Kata-kata itu menggema di ruang studio. Sunyi. Banyak yang menahan air mata. Termasuk sang pembawa acara.
Perubahan Hidup yang Mengejutkan
Tak lama setelah viral, kehidupan Raka dan ibunya berubah drastis. Mereka pindah ke rumah kontrakan layak huni yang disediakan oleh yayasan. Raka mulai bersekolah dengan seragam rapi dan sepatu hitam mengilap. Sementara ibunya ditawari pekerjaan sebagai asisten dapur di sebuah rumah makan.
Namun perubahan itu tidak membuat mereka lupa diri. Setiap akhir pekan, Raka masih kembali ke jembatan Manggarai, bukan untuk mengemis, tapi untuk membagikan makanan dan buku cerita kepada anak-anak jalanan lain.
“Dulu aku pernah di situ. Aku tahu rasanya lapar dan dingin,” ujarnya.
Raka kini menjadi simbol harapan. Banyak sekolah dan komunitas sosial mengundangnya untuk berbicara. Meski masih kecil, ia berbicara dengan bijak. “Kalau kita nggak bisa bantu dengan uang, bantu aja pakai senyum. Itu juga berharga, kok.”
Epilog: Di Balik Semua Itu, Ada Doa Seorang Ibu
Yani, sang ibu, kini tampak lebih sehat dan ceria. Namun ia tidak lupa perjuangan yang telah mereka lalui.
“Saya selalu bilang ke Raka, jangan dendam sama hidup. Mungkin Tuhan kasih kami jalan susah karena kami kuat,” katanya sambil menatap anaknya yang tengah membaca buku di sudut ruangan.
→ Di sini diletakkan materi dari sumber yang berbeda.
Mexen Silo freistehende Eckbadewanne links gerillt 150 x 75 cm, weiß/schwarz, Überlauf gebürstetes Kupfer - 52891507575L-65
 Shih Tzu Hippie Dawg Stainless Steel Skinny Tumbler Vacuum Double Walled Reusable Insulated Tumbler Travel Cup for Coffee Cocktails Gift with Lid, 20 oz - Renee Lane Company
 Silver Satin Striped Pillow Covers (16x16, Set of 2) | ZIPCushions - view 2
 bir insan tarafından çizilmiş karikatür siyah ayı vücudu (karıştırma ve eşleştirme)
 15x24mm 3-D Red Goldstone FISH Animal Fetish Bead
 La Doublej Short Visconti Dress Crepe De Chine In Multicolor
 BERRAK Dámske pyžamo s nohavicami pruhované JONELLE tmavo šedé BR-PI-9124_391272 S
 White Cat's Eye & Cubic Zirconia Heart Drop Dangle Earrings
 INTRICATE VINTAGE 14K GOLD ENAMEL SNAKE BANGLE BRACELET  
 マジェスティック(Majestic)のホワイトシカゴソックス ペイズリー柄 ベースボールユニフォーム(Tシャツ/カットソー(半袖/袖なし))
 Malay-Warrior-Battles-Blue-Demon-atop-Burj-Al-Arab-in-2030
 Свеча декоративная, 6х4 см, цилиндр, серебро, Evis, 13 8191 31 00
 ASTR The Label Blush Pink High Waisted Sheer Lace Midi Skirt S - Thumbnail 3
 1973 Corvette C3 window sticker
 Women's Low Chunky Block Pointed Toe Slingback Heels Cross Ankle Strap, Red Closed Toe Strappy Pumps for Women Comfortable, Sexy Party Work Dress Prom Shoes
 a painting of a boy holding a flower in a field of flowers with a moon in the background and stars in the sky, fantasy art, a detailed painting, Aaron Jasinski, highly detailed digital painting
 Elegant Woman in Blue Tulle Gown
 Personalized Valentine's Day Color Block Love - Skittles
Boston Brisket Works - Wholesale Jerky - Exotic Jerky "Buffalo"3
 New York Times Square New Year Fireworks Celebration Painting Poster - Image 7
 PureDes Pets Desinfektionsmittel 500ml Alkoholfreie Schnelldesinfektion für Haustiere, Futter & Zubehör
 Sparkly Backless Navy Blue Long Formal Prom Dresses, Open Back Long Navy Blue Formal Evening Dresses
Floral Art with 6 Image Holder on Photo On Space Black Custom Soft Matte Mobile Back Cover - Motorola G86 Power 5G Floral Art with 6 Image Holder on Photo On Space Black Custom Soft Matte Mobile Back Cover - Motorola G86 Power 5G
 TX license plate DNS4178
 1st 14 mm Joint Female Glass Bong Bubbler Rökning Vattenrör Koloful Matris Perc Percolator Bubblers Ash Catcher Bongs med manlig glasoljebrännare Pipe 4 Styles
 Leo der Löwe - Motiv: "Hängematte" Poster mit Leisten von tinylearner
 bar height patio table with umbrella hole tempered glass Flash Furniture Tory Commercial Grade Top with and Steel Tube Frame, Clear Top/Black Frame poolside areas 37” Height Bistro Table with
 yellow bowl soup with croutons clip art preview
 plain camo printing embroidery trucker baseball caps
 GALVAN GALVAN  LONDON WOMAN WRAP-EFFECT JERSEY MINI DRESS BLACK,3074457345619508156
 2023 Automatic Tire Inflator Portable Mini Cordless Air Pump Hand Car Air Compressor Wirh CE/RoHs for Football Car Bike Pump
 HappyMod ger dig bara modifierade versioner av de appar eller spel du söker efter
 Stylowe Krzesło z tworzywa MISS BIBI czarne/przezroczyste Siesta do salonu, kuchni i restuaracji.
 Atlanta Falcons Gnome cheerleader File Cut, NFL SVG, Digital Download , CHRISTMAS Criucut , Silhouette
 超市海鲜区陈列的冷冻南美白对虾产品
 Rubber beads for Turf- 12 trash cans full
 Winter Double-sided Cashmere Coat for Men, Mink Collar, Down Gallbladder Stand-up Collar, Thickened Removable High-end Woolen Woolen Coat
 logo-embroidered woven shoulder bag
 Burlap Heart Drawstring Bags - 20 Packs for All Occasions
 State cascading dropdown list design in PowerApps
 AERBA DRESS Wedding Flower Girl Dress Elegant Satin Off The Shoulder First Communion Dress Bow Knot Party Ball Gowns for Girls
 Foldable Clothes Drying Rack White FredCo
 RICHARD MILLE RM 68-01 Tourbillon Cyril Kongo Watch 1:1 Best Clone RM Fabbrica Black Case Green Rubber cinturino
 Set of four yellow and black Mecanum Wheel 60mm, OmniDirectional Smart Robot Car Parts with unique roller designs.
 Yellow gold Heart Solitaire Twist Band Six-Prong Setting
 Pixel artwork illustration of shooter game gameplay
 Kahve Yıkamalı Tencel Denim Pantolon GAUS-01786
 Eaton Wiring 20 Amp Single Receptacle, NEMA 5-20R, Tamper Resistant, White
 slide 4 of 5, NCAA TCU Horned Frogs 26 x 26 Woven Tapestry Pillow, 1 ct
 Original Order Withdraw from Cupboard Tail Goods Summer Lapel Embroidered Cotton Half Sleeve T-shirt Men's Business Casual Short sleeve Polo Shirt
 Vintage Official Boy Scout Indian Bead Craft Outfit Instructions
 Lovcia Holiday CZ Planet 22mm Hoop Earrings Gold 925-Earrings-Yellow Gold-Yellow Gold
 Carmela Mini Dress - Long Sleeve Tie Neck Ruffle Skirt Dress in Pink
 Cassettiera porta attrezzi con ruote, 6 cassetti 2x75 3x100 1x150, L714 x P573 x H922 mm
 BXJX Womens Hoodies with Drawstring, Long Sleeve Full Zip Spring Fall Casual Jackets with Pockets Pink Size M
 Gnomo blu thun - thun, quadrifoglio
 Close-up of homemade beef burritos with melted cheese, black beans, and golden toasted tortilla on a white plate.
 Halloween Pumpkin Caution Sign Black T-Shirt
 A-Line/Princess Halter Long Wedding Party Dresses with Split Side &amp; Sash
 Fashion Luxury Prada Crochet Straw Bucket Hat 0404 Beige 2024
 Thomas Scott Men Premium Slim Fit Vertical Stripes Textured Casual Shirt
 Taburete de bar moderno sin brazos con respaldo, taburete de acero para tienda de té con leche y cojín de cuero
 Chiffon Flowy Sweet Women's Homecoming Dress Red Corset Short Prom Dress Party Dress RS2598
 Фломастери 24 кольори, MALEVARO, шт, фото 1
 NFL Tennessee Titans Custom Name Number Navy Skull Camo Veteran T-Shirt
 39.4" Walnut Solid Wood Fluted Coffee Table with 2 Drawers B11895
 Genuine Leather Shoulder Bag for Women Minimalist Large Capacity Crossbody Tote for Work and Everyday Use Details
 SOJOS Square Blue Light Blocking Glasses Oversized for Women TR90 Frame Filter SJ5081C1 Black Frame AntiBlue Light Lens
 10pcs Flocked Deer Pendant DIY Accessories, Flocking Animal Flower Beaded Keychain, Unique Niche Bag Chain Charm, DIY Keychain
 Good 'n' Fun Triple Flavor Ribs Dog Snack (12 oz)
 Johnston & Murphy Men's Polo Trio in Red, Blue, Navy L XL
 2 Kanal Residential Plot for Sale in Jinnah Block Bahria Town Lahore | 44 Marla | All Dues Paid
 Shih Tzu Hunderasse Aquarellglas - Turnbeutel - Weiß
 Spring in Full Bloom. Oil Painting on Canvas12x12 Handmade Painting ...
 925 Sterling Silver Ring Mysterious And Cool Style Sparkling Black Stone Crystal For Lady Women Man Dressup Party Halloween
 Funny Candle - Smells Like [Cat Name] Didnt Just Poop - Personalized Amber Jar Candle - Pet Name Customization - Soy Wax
Air matanya kembali mengalir. Tapi kali ini bukan karena sedih, melainkan karena syukur. Syukur bahwa anaknya tumbuh menjadi pribadi yang tidak hanya kuat, tapi juga berani, lembut hati, dan mampu menginspirasi banyak orang.
Penutup
Kisah Raka adalah cermin bagi kita semua. Bahwa di tengah kerasnya dunia, masih ada jiwa-jiwa lembut yang bersinar. Bahwa di balik senyum anak jalanan, ada doa, luka, dan harapan yang besar.
Ia mengajarkan kita bahwa menjadi manusia bukanlah soal kaya atau miskin, tetapi soal seberapa besar hati kita mampu memberi meski dalam kekurangan. Kisah ini tidak hanya mengharukan, tapi juga menggugah, menginspirasi, dan menghebohkan: sebuah MG4D sejati.